Top of Exercise data

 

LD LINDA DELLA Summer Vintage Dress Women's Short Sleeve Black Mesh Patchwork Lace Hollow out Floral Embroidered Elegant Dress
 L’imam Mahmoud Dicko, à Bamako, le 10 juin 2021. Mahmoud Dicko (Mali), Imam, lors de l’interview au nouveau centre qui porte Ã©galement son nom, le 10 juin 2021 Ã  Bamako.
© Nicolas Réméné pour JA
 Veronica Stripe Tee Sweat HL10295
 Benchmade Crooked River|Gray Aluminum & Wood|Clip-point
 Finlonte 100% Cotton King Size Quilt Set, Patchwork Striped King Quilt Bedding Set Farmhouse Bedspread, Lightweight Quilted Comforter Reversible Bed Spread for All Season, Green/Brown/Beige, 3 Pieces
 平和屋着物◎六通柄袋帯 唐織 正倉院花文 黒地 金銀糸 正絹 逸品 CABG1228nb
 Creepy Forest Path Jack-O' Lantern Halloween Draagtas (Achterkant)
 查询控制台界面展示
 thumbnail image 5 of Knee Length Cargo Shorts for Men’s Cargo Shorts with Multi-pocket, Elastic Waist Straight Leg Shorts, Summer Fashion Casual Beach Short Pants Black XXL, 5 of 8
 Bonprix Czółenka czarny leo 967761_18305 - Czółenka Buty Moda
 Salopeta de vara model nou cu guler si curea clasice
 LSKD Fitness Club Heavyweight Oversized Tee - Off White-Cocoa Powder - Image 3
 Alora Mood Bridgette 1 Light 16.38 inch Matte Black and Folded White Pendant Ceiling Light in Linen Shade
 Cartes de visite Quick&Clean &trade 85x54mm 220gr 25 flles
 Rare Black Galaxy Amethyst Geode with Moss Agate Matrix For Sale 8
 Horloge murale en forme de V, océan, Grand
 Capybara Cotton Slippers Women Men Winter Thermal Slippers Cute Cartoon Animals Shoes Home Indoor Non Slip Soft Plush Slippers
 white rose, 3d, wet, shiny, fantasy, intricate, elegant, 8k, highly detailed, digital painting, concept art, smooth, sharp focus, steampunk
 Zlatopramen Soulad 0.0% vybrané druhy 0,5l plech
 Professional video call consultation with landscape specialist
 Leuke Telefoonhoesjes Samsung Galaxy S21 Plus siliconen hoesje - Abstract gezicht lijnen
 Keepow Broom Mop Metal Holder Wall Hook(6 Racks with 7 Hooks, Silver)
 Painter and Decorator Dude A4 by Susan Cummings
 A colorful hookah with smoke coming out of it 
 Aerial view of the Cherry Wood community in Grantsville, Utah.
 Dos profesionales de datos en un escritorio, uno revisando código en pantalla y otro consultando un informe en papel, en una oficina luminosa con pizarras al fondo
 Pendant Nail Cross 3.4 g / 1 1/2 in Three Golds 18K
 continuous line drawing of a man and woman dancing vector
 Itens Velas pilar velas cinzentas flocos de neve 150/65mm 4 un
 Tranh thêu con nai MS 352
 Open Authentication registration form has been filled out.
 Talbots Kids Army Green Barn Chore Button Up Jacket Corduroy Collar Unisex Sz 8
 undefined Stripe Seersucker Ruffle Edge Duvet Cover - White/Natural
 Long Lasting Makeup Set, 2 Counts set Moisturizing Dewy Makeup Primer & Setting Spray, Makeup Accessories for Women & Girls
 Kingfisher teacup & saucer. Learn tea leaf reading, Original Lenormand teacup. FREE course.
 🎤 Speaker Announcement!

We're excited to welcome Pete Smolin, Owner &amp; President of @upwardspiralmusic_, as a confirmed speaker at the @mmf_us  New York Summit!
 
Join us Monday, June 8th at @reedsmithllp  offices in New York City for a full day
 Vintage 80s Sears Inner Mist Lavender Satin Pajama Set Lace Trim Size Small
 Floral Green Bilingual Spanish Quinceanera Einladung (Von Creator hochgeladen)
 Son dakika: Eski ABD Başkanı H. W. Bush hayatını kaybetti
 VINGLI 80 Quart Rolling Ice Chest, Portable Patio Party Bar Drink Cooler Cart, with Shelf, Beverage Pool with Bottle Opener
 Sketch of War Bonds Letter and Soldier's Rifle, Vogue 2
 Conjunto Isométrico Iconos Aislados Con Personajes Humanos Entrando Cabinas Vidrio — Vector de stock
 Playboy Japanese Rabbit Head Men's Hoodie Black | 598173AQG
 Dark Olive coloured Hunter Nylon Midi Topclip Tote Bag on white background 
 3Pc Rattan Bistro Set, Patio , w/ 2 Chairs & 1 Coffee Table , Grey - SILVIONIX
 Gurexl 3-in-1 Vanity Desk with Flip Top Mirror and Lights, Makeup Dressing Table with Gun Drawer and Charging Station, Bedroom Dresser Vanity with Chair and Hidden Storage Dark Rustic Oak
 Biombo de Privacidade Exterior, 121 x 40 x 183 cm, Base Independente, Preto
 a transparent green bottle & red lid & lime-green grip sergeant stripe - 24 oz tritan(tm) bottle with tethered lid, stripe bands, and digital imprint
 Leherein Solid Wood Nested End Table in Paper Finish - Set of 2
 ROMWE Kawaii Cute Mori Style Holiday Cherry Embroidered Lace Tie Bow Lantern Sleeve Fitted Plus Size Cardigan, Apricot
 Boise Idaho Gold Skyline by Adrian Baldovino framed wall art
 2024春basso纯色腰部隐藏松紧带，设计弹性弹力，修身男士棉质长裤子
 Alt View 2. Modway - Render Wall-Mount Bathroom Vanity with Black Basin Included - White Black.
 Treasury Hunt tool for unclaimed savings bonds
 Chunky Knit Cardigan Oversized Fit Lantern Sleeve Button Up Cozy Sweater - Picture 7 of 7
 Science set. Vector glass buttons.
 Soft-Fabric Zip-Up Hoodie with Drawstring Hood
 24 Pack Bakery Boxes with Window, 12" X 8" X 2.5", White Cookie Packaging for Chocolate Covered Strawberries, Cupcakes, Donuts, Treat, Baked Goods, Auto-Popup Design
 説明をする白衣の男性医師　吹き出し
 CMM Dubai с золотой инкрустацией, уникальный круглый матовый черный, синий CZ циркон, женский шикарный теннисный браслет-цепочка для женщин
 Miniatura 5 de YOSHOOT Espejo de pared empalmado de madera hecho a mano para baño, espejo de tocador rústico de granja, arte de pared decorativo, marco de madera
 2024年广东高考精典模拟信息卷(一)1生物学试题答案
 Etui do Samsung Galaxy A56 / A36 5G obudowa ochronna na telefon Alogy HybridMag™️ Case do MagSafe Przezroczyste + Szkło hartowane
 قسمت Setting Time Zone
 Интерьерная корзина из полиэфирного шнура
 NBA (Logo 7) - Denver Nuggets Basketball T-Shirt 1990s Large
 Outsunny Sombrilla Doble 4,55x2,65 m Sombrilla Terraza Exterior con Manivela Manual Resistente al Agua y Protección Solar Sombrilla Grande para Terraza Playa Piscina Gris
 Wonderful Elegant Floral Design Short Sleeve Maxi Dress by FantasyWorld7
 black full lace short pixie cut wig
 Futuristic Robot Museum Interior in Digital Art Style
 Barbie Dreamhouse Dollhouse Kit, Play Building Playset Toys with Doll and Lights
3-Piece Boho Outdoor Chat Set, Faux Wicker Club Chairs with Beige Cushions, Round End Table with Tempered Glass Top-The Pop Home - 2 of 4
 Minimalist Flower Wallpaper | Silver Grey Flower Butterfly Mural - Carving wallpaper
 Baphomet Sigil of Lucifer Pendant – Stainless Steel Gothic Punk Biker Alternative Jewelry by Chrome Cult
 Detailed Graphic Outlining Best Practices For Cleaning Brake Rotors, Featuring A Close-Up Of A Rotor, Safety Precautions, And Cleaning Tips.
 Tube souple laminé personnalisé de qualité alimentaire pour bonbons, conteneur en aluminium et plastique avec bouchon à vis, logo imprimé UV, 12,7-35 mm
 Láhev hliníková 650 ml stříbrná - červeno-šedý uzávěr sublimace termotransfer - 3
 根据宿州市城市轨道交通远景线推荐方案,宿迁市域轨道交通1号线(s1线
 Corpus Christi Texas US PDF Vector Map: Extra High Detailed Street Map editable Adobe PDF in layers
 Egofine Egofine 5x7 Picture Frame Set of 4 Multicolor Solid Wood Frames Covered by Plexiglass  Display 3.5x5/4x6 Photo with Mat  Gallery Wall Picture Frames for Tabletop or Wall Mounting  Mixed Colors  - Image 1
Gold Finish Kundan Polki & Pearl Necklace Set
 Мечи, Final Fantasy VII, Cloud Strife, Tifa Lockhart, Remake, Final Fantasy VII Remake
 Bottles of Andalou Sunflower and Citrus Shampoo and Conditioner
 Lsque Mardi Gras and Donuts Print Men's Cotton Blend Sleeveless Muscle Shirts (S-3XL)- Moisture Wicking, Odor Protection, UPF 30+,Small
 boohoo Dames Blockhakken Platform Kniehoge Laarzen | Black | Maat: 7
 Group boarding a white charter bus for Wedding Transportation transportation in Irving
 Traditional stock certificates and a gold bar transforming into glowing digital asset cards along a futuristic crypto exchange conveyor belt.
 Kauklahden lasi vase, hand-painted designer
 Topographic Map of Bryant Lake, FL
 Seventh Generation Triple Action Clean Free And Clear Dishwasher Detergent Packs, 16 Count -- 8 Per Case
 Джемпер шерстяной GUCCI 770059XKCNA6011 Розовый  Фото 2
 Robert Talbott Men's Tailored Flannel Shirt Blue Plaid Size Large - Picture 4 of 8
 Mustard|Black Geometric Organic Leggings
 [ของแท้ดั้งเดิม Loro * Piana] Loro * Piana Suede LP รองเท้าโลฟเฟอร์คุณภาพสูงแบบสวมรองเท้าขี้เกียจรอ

Bottom of Exercise data

**Problem details**
Where the listing above has a line with "Baphomet Sigil of", start there, and output every line exactly through the line with "Corpus Christi Texas", which is also included.

**Solved problem**
 Baphomet Sigil of Lucifer Pendant – Stainless Steel Gothic Punk Biker Alternative Jewelry by Chrome Cult
 Detailed Graphic Outlining Best Practices For Cleaning Brake Rotors, Featuring A Close-Up Of A Rotor, Safety Precautions, And Cleaning Tips.
 Tube souple laminé personnalisé de qualité alimentaire pour bonbons, conteneur en aluminium et plastique avec bouchon à vis, logo imprimé UV, 12,7-35 mm
 Láhev hliníková 650 ml stříbrná - červeno-šedý uzávěr sublimace termotransfer - 3
 根据宿州市城市轨道交通远景线推荐方案,宿迁市域轨道交通1号线(s1线
 Corpus Christi Texas US PDF Vector Map: Extra High Detailed Street Map editable Adobe PDF in layers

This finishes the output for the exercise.